当然了,这些也算不了什么,真正让熙蒙发誓再也不喝酒了的还是一年前。
熙泰说他那天把路边的树当成了喜欢的人,上去就说自己的心酸暗恋史,说到后面感情到了眼泪也出来了,抱着树哭了一通,还一个劲儿的问为什么不喜欢他,他们都长着一样的脸,最后还啃了上去,吃了满嘴树皮,让熙泰笑话了大半年。
在今天之前熙蒙喝醉都是祸害自己,偶尔也有祸害别人的时候,可难得的是没发酒疯。
“密码错误,请重试。”
“密码错误,请重试。”
醉了的人永远都觉得自己没醉,熙蒙也是这样,他记得自己没喝多少,密码自己也知道,怎么手按下去就是错的了。
晃了两下脑袋,稳住手,瞪大眼睛让几个重影的数字合一,按下去。
“密码错误,请重试。
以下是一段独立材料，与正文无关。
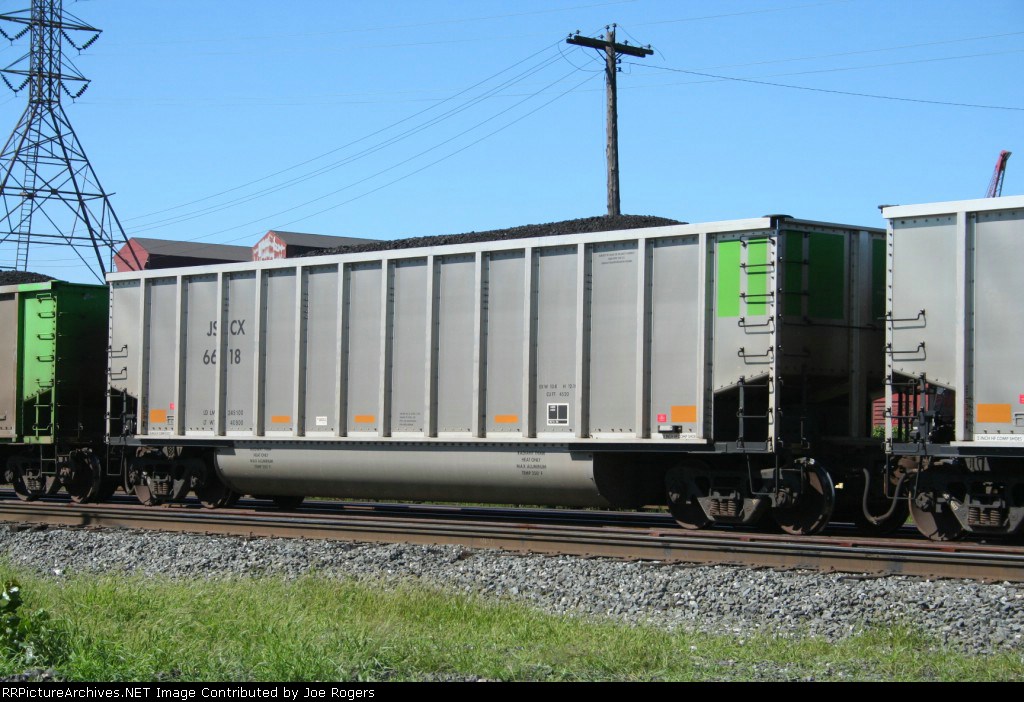 JSCX 6618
”
机械音再次响起,熙蒙索性放弃。低下头片刻,好像想到了什么就开始趴在门上拍门。
“傅隆生开门,我是我哥。”
见屋里的人没有理他,熙蒙就开始喊他的名字鬼哭狼嚎“开门啊傅隆生,我是我哥熙旺啊,我出差回来了。”
重复了两次傅隆生还是没给他开门,也许是酒劲上头,平时叫着嫌恶心的称呼在此刻顺嘴得不行“嫂子开门,我是我——”
最后一个字还未出口熙蒙就摔了进去——傅隆生开门了。
“吵什么?”在开门的片刻熙蒙身上的果味扑面而来,傅隆生往身旁一侧,好没让这个喝葡萄酒也能醉的人倒自己身上来。
熙蒙摔在地上也没感觉到疼,傻笑了两声拍拍身上的灰就自己爬了起来。
课还没备完就熙蒙打断,见人没什么事傅隆生也就回书房了。熙蒙看傅隆生走他也跟着走,转了几个弯跟着进了书房。
傅隆生的书房很简单,一座书架,一张胡桃木书桌和一把椅子。
傅隆生坐下就开始继续备课,没管旁边翻东找西的人。过了一会余光瞟到脚边多了一团黑影,侧过头一看是熙蒙蹲在了地上。
熙蒙蹲在地上也不像平时那样开始没话找话,蹲久了腿也麻了,索性坐在地板上。兴许是实在无聊,就一会看看傅隆生备课,一会看看傅隆生的大腿又看看自己的胳膊,把袖子撸起来比划两下嘿嘿笑了两下。
傅隆生叹了口气,这实在是像一条大型犬在蹲在你脚边。不过好在这次熙蒙没乱发酒疯,只是安安静静的,比平时看着要顺眼。
傅隆生放下手中的钢笔,低下头,一只手抚上熙蒙的头,胡乱摸了两下。熙蒙也难得有点眼力见,把头靠近了些方便傅隆生摸,还小声哼唧了两声。
倒真像是在摸狗了,想到这儿傅隆生不自觉笑了下,原本硬朗的轮廓也被灯光削弱了几分,柔和不少,镜片后的那双眼睛也染上了笑意。
“不是说再也不喝酒了吗?怎么今天喝了。”摸了几下傅隆生就把手放了下来。
熙蒙没有回答,紧盯着那只手。傅隆生早已不再年轻,人也自然像老树一样,开始失去水分和生机,留下的只有干枯的树皮。
收回目光,再往前靠近一点,用头轻顶傅隆生搭在扶手上的那只手,再握住它贴在自己脸上。在傅隆生的手腕处,熙蒙嗅到了混着药感的焚香,而后是带着暖意和一丝甜味的麝香,甚至还掺杂着玫瑰味洗衣液的味道。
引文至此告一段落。